_Prompt:_
Only the lines below from the one containing "Cover Art for WOLF MAGIC GN" through the one containing "Мужские Женские Crocs" belong in the answer, repeated exactly and without pictures.

_Material for this task:_
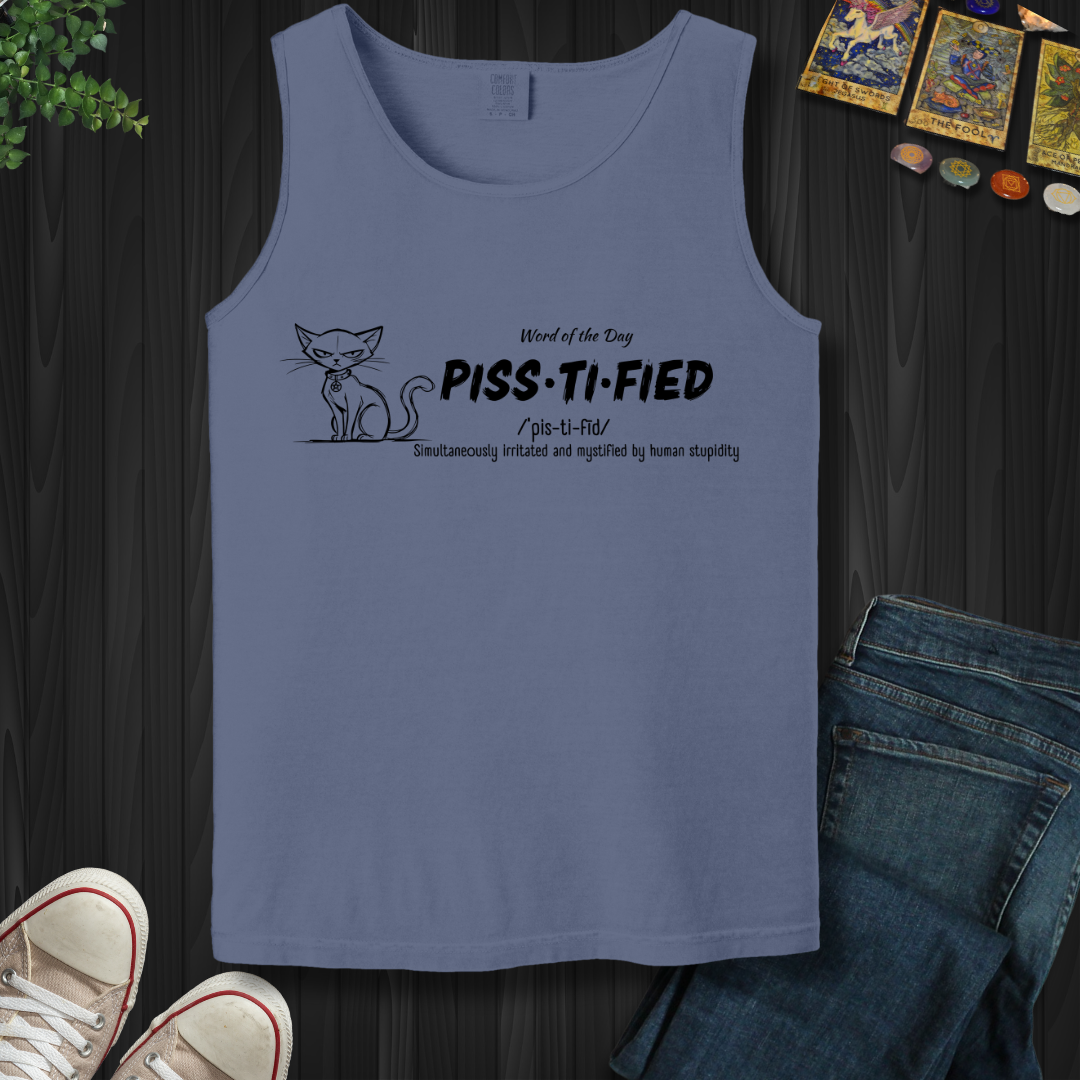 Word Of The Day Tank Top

--

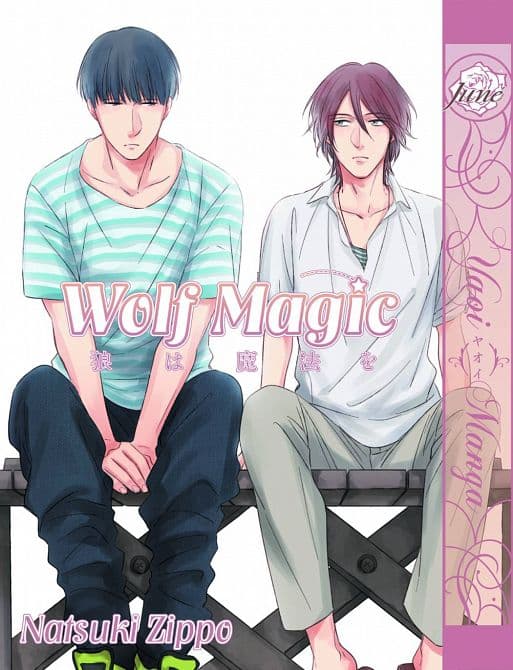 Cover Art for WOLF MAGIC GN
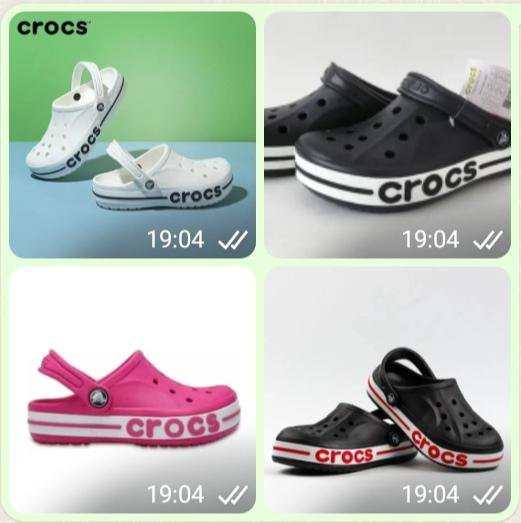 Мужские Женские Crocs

_Answer section:_
 Cover Art for WOLF MAGIC GN
 Мужские Женские Crocs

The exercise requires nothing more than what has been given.